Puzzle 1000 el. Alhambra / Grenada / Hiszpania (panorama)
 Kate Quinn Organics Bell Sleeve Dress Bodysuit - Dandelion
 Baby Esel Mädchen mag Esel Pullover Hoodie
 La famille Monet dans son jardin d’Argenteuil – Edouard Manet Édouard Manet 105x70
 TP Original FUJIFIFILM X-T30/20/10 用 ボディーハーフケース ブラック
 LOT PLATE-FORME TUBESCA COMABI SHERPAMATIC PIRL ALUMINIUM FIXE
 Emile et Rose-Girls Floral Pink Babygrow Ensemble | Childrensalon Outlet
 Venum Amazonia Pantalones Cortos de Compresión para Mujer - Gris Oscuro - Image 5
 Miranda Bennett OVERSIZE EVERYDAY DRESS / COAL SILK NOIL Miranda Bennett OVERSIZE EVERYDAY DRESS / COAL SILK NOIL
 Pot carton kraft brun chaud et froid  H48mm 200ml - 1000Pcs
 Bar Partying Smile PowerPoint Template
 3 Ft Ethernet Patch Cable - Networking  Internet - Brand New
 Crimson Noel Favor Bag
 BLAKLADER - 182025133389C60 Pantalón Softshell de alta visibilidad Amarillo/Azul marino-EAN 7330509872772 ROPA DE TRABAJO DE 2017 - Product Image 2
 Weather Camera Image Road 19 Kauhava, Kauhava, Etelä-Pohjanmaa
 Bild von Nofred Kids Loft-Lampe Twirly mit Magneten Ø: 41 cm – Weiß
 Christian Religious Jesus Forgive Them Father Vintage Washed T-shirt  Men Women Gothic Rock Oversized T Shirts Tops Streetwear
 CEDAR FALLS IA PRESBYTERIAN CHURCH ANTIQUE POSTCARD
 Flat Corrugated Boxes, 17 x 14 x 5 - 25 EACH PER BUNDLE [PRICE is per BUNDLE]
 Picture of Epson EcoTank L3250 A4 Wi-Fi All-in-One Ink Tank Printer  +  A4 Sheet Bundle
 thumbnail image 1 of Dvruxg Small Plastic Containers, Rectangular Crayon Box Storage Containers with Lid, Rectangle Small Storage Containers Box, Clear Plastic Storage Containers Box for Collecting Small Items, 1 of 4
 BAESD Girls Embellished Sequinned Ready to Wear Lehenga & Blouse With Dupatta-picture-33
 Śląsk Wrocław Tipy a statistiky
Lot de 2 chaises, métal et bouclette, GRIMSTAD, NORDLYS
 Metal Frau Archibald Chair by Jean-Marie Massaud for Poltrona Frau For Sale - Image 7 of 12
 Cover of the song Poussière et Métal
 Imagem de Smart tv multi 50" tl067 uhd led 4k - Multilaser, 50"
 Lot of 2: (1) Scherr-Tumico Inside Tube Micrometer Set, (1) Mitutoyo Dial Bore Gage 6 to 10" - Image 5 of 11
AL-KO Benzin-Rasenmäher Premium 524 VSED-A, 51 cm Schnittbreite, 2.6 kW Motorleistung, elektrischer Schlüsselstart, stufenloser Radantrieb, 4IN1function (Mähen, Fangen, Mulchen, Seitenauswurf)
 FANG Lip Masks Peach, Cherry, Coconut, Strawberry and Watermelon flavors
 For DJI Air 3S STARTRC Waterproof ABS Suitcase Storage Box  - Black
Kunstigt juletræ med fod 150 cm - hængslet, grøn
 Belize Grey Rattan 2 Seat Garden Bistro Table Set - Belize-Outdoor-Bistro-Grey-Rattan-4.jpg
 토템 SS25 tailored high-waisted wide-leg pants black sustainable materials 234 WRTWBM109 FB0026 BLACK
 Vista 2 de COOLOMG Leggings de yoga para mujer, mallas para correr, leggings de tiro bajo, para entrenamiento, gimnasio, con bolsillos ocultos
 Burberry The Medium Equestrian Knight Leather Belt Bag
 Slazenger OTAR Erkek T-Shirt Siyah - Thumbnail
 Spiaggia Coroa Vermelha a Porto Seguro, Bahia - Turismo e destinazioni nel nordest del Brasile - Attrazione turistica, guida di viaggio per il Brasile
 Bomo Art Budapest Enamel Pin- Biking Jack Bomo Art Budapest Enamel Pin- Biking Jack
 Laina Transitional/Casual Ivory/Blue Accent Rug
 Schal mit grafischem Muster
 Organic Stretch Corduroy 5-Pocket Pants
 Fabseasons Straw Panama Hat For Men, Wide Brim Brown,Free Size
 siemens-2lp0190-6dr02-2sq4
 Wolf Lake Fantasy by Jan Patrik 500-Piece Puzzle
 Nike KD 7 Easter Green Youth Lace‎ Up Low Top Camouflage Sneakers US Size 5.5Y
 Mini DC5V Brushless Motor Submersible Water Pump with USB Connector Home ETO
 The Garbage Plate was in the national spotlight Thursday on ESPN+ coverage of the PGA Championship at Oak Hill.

--- --- ---

Exercise goal:
Retype the entries above exactly, but only from the line containing "Bild von Nofred" through the line containing "Flat Corrugated Boxes, 17", both included.

Answer to this task:
 Bild von Nofred Kids Loft-Lampe Twirly mit Magneten Ø: 41 cm – Weiß
 Christian Religious Jesus Forgive Them Father Vintage Washed T-shirt  Men Women Gothic Rock Oversized T Shirts Tops Streetwear
 CEDAR FALLS IA PRESBYTERIAN CHURCH ANTIQUE POSTCARD
 Flat Corrugated Boxes, 17 x 14 x 5 - 25 EACH PER BUNDLE [PRICE is per BUNDLE]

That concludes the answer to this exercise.